Handling of failed jobs
After a job fails several times (depending on the configured number of retries ), the engine won’t execute it again. Instead, the job will be moved to a different table in the database called the dead letter table (ACT_RU_DEADLETTER_JOB). The dead letter is a common pattern in message passing systems.
Having all of them in a separate table helps finding the problematic jobs with a single and simple query. In addition to that, this partitioning of jobs improves the overall engine performance because failed jobs won’t have to be filtered out by queries from the async executor. Only Flowable 6 releases support this concept.
The big question is then what to do with the dead jobs. Flowable provides two ways of bringing them back to life: programmatically and manually via UI.

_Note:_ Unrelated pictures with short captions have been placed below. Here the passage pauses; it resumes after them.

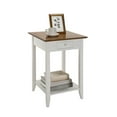 thumbnail image 3 of Convenience Concepts American Heritage 1 Drawer End Table with Shelf, Driftwood/White, 3 of 5
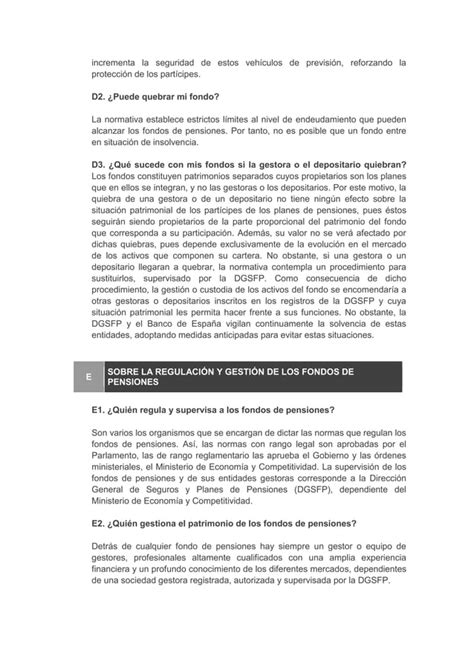 Gu A Sobre El Funcionamiento De Los Fondos De Pensiones Pdf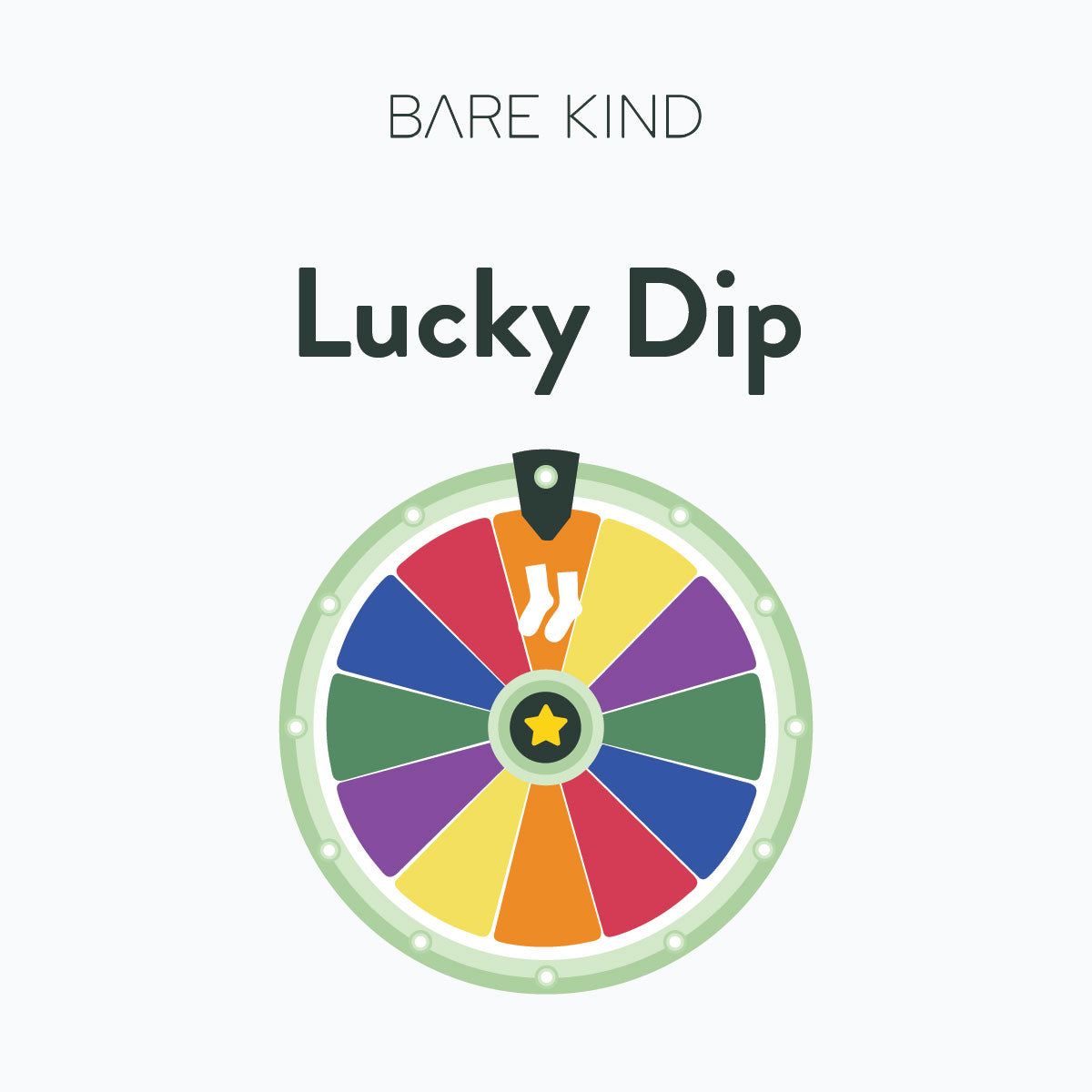 Lucky Dip random animal saving bamboo socks box for surprise order
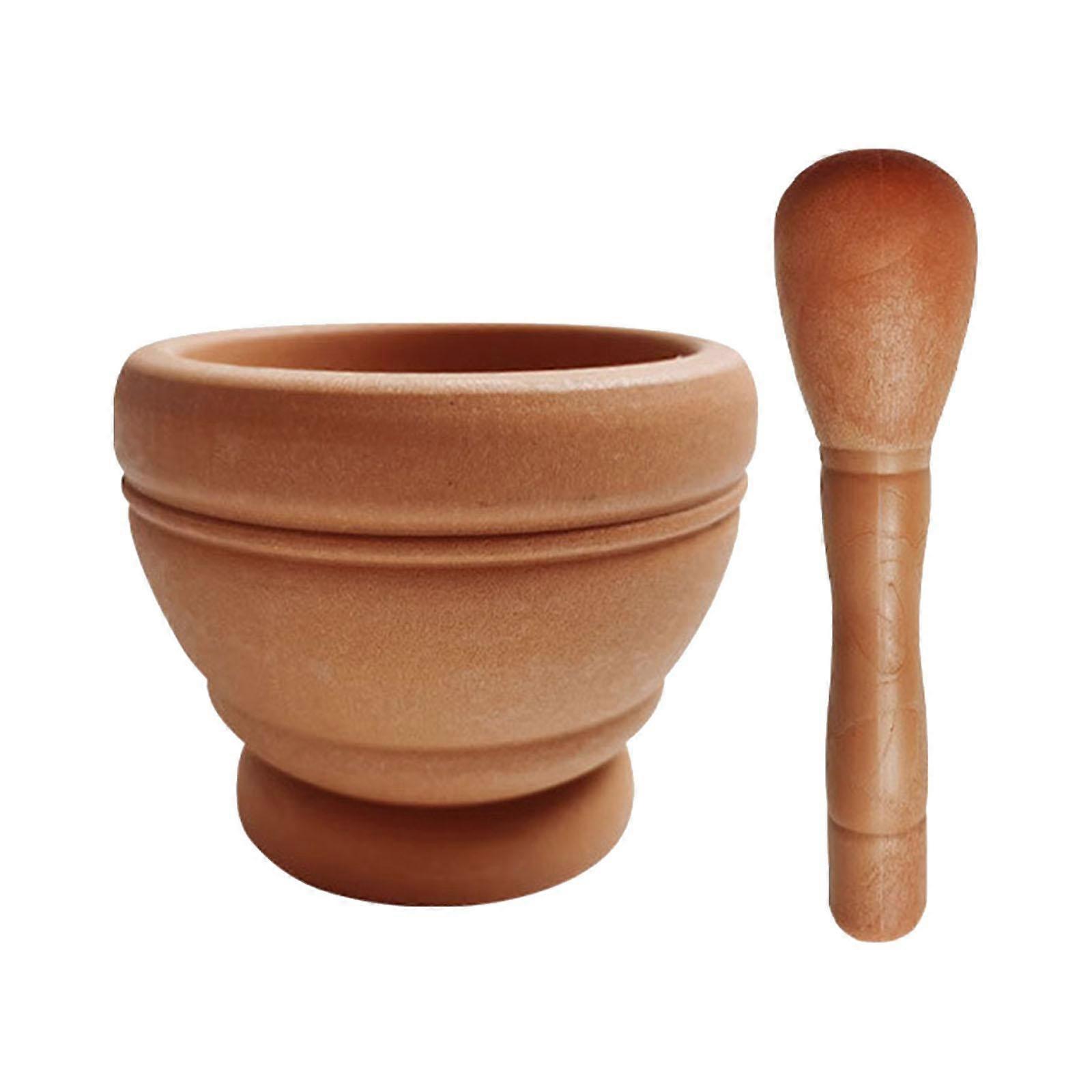 Spice Grinding Set Kitchen Muddler Wiederverwendbare Weithals-Vertiefungsschüssel Handbuch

Programmatically: Flowable provides an API to reanimate jobs, see org.flowable.engine.ManagementService#moveDeadLetterJobToExecutableJob(JobId, retries). The result of the execution is that the Job is moved back to the table containing the running Jobs (ACT_RU_JOB) and the number of retries set to the parameter value.
Manually: There is a section in the Flowable Admin App that displays the current list of jobs. On the right hand side, the Job type filter has an option to show only dead letter jobs. Once this filter is applied, the list will now display the number of remaining retries (zero) and the Exception that caused the job to fail:
When clicking on an entry, additional information will be shown and, on the right-hand side, possible actions. The first action, ‘Move job’ will move the job out of the dead letter table, so it will be queued again for execution. The second option, ‘Delete job’ will delete it, but then the associated process will be stuck and will need to be cleaned up.
The most appropriate action to be taken is dependent on your use case and the nature of the exception. Flowable provides you the tools and infrastructure, but the error handling strategy is decided entirely by the requirements and the development team.
- Failures in the communication, server down, unreliable network will throw easily recognizable exceptions: timeouts, network or I/O exceptions. In this case, triggering the Job again usually solves the issue, given the infrastructure is properly working again. A backend component could be written that periodically checks the dead letter jobs and, based on the exception type of a job, move it back to the regular job table.
- ServiceTasks that call backend services whose implementation is buggy won’t succeed even if they’re retried multiple times. In this case, the bug has to be fixed first and then the job reactivated. If it was properly fixed, the process will normally continue its execution.
- If the failed task is not critical, for instance a mail notification could not be sent but your Customer Care already called the client, the job could be deleted to avoid sending a redundant confirmation.
 See documentation, parameter asyncExecutorNumberOfRetries.